Two-time winner Raymond Sommer soon took the lead until, after only 90 minutes, he stopped out on the circuit with smoke pouring from his engine. For the next five hours the Alfas of Luigi Chinetti and Earl Howe duelled for the lead. However, soon after night fell, the lights failed on Howe's Alfa costing him two hours to get the electrics repaired. Chinetti took the lead, but their car had developed a leak in the fuel tank. The solution was the same as Sommer had used the previous year: to plug the gap with chewing-gum.

By the halfway point, there was only a single competitive big-engine car left running, and interest shifted to the race for the Index of Performance between the four British firms of Aston Martin, MG, Riley and Singer. For a time, with race attrition, the 1.1-litre MG of John Ford was running second overall, until a three-car pile-up at Maison Blanche took it out of the race. The Aston Martin challenge collapsed in a disastrous two laps that saw three of their works cars retire. This left the Riley works team to finish second, third, fifth and sixth and claim both the Index of Performance and Biennial Cup.

Chinetti and Étancelin held on to win comfortably overall, with the second-biggest winning margin to date, of , albeit the shortest overall winning distance of the decade.

Regulations and Organisation
The renovation of the circuit and facilities by the Automobile Club de l'Ouest (ACO) were completed. A completely new pit complex was built. Made of concrete with capacity for 60 cars, it was separated from the pit lane and racing track by a wooden picket fence. Pit counters were provided with a second storey for trade stands and guests. Eco and Jupiter, the French distributors of Esso and Shell fuel respectively, pay for each pit-box to be installed with a 1000-litre tank, gantry and hoses to allow refuelling direct to the cars.
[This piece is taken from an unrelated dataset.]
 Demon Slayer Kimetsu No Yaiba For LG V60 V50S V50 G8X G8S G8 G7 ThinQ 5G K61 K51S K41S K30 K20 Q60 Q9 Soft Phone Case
This was regulated to be at 120 litres/minute.
Race control was also housed in the new pit complex, and a large restaurant opened beside the main grandstand. All the spectator areas now had access to drinking water, and had an earthen bank and fencing put between them and the circuit. Additionally, a 25-hectare golf-course built inside the circuit. Reflecting the greater commercialism of the event, the two main camping areas were regulated and numbered to allow charging spectators who wanted to camp overnight. Regarding the track itself, the straights between the Mulsanne and Arnage were resurfaced and trees along the roadside were felled.
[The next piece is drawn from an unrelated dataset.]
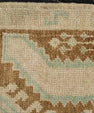 Turkish Mini Rug Oriental Hand Knotted Vintage Rug 1'7" x 3' #21037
In the years of alternating fuel suppliers, this year Esso had four fuel choices: its regular fuel, a premium grade, 100% benzole and a 70/15/15 blend of the regular with benzole and ethanol. With the new fuel rigs, the ACO allowed a second mechanic to work on a car in the pits, nominated solely as the refueller. 
The minimum running distance between refuelling stops remained at 24 laps. The ACO made significant increases to the class distance-targets, this time in the mid-range engines, with an extra 125 km added to the minimum distance for 3-litre cars for example. Three 8-hour practice sessions were scheduled on the Wednesday, Thursday and Friday nights between 10pm and 6am. Public traffic was also allowed onto the roads at the same time, but this year was only allowed to travel in the same direction as the racing cars.

Entries
Whether due to the ongoing economic recovery, the improved facilities or the thrilling 10-second margin of victory the previous year by superstar Tazio Nuvolari, the race received the largest number of entrants for ten years. Out of the 52 applicants, 45 arrived on race-week for scrutineering with works entries received from the British Aston Martin, Riley and Singer companies and the small French manufacturer Tracta. Although British cars made up almost half the field, none were likely outright race winners. Those would probably come from the privateer Alfa Romeos or Bugattis.
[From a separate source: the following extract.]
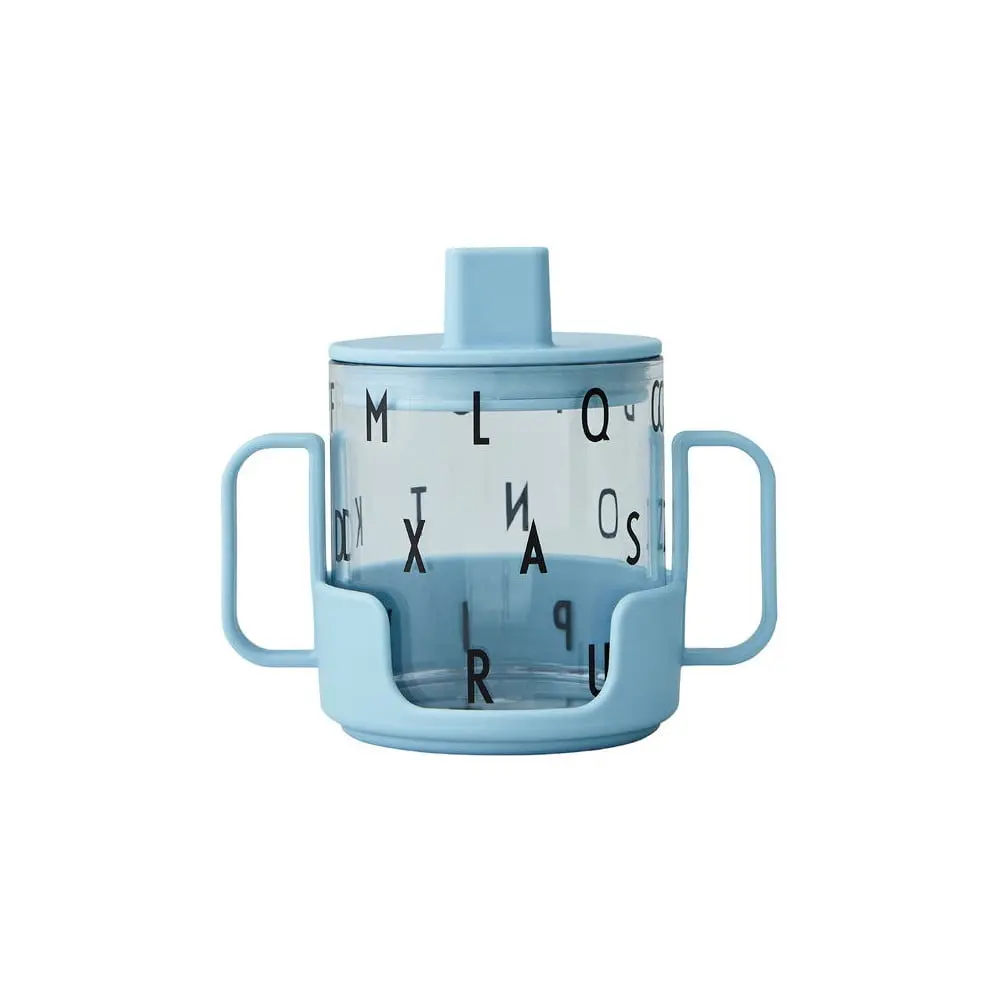 Světle modrý dětský hrnek Design Letters Grow With Your Cup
From the thirteen finishers in the previous year’s race, twelve returned to contest the Biennial Cup, which therefore shaped up to be a significant competition.
As grid-order and Index distance were based on engine size (unmodified for supercharging, for the grid position), and there were no prizes for class victory, the nominal class groupings were largely irrelevant.

Note: The first number is the number of entries, the second the number who started. Using the equivalent engine-size with supercharged engines having the x1.4 conversion factor

Over 2-litre entries

For the past three years, Alfa Romeo had dominated Le Mans. The works team had been closed down, with the customer team Scuderia Ferrari representing the marque in Grand Prix racing across Europe. However, in sports-car racing, the team only competed in Italy. Eight private entrants were pit forward although only half of them arrived.
Both Raymond Sommer and Luigi Chinetti (winners together in 1932 and 1st and 2nd respectively in 1933) were back to contest the Biennial Cup. Sommer was aiming to equal Woolf Barnato's record winning three Le Mans in a row. He would be driving an Alfa Romeo with a Grand Prix Monza chassis owned by wealthy Parisian doctor Pierre Félix (bought through Chinetti's Alfa Romeo dealership), modified to accommodate the mandatory two rear seats. The Monza engine gave 180 bhp, an extra 25-30 bhp over the other Alfa entries. Félix had a second entry that did not eventuate. Chinetti had a corto (short-wheelbase) Mille Miglia chassis and brought in French Grand Prix racer Philippe Étancelin as his co-driver. Englishman Earl Howe had won the race in 1931 but had been unable to compete in 1933 because of an eye injury. He returned this year with his 8C-2300 Le Mans, with its 4-seater lungo (long) touring body and with former Talbot stalwart Tim Rose-Richards as his co-driver. Rose-Richards had also filed his own entry for another 8C-2300 Le Mans, driven by Owen Saunders-Davies and Freddie Clifford.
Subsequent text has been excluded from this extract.